The task: Please repeat the line that has "Elegant kitchen with" and all lines after it, exactly as they appear, through the end of the entries.

Working data:
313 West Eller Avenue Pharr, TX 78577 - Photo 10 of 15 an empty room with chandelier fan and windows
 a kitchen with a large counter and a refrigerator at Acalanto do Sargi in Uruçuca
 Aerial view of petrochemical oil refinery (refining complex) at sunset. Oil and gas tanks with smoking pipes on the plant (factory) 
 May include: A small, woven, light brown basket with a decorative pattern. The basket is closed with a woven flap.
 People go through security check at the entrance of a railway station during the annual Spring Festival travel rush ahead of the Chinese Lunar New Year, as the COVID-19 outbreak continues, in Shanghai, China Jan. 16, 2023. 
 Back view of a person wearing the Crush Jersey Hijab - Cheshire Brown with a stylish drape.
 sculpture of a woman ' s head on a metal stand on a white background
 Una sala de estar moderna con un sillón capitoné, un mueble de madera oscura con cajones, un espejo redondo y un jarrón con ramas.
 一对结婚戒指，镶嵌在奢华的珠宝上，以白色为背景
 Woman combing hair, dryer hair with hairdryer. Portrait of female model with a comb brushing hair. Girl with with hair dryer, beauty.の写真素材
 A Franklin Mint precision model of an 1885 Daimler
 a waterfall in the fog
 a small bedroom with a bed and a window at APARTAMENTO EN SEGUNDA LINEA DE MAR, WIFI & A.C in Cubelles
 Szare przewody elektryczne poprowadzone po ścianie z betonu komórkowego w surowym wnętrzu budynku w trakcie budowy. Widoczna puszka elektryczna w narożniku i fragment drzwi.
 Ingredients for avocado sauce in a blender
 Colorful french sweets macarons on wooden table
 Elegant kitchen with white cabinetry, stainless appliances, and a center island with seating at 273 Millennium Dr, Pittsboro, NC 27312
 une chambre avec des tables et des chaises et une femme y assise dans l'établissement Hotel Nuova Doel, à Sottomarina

Solution to this exercise:
 Elegant kitchen with white cabinetry, stainless appliances, and a center island with seating at 273 Millennium Dr, Pittsboro, NC 27312
 une chambre avec des tables et des chaises et une femme y assise dans l'établissement Hotel Nuova Doel, à Sottomarina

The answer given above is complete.